Maytag Corp. earnings rose in the fourth quarter, closing out a difficult year in which problems at its Hoover floor-care unit weighed down the company.
Maytag reported fourth-quarter earnings of $23.9 million, or 30 cents per share, up from $3.3 million or four cents per share a year earlier.
Earnings would have been 55 cents per share excluding restructuring charges related to the closing of Maytag’s Galesburg, Ill., refrigerator plant, and other one-time charges. Maytag earned 62 cents per share in last year’s fourth quarter before one-time charges.
“We achieved strong revenue growth in the fourth quarter, and earnings were consistent with our expectations,” Chairman and CEO Ralph Hake said. He spoke at Maytag’s Herrin, Ill., laundry products plant, where the company just launched a new line of energy-efficient dryers.

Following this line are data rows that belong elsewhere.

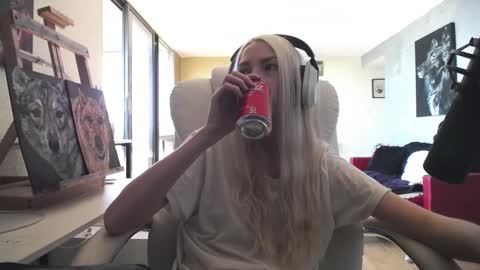 stage Kylie Sinner  brand CLITBAIT online show from October 2025 05:00:01 PM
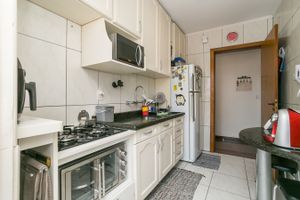 Image 20 - 215895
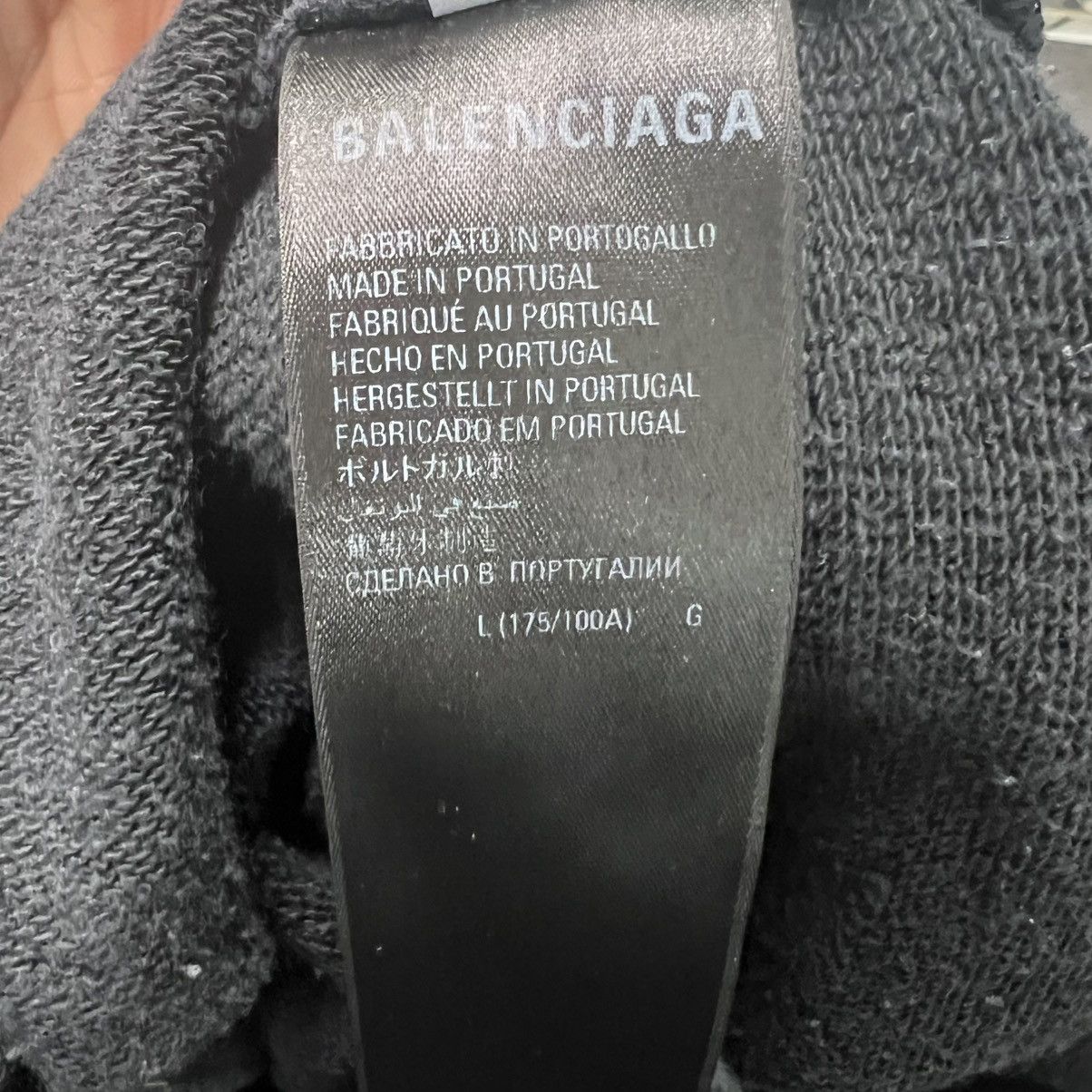 Balenciaga Balenciaga BB Pixel Embroidery Sweatshirt Black Size US L / EU 52-54 / 3 - 9 Thumbnail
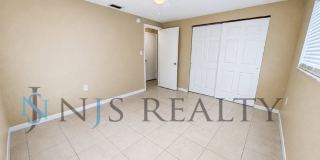 Gorgeous 3/2/1 1200 Sq. Ft. with fenced yard, all tile floors, custom baths and remodeled kitchen!! Gorgeous 3/2/1 1200 Sq. Ft. with fenced yard, all tile floors, custom baths and remodeled kitchen!! Gallery 8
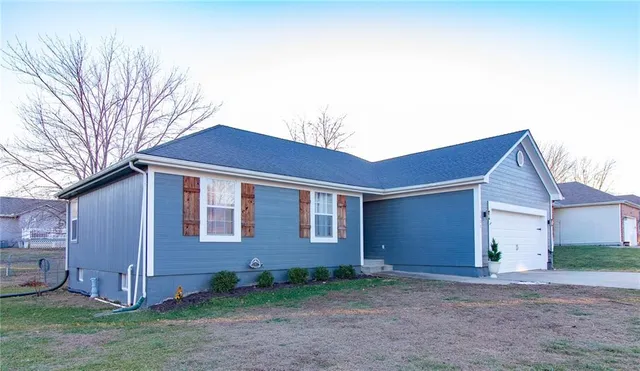 $294,900 | 1308 Deena Street, Pleasant Hill, MO 64080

Consolidated sales were up 12.8 percent, due mainly to success in major appliance sales.
Maytag introduced new laundry and cooking products. International sales were up 23 percent due partly to favorable currency exchange rates.
For all of 2003, Maytag reported earnings per share of $1.53, down from $2.40 in 2002, and operating income was down 36.5 percent to $228.2 million.
Hake said pricing pressures hurt the Hoover floor products unit, contributing to erosion of Maytag’s operating margins for the year. Maytag also incurred a fourth-quarter loss in its Jade kitchen products business, due primarily to operational difficulties caused by a relocation of its California plant.
For the current fiscal year, Maytag is forecasting earnings of $1.90 per share. Hake said Maytag plans an aggressive schedule of product rollouts, including innovative new Hoover products needed to rise above the price wars at the low end of the floor care market.
A new line of wide-by-side refrigerators made at the company’s plant in Amana was launched this month. The line will replace wide-by-side models formerly produced in Galesburg.
Hake said Maytag will ramp up production of side-by-side models from its new Reynosa, Mexico, refrigerator plant in April and begin sales of new top-mount refrigerator-freezers made by Daewoo later in the year.
Closing the Galesburg plant and shifting production to the new facilities is expected to yield higher quality and more competitive pricing while generating annual savings of $35 million, Hake said.
Maytag’s turnaround strategy for Hoover is in place, Hake said. Hoover plans 15 new product introductions in 2004, and described a new labor contract with the company’s Hoover union in North Canton, Ohio, as a model for the kind of manufacturing flexibility needed to compete with inexpensive imports.
Maytag’s challenges in the upcoming year include negotiating new labor contracts to replace those expiring in September at Maytag’s refrigerator plant in Amana and in June at at Maytag’s laundry plant in Newton. Hake said the company, particularly at Newton, will seek to examine with the union leadership ways to make the plant more competitive and cost effective so that it can be eligible for new investments and jobs.
Maytag shares gained 55 cents on Thursday to close at $28.55 on the New York Stock Exchange.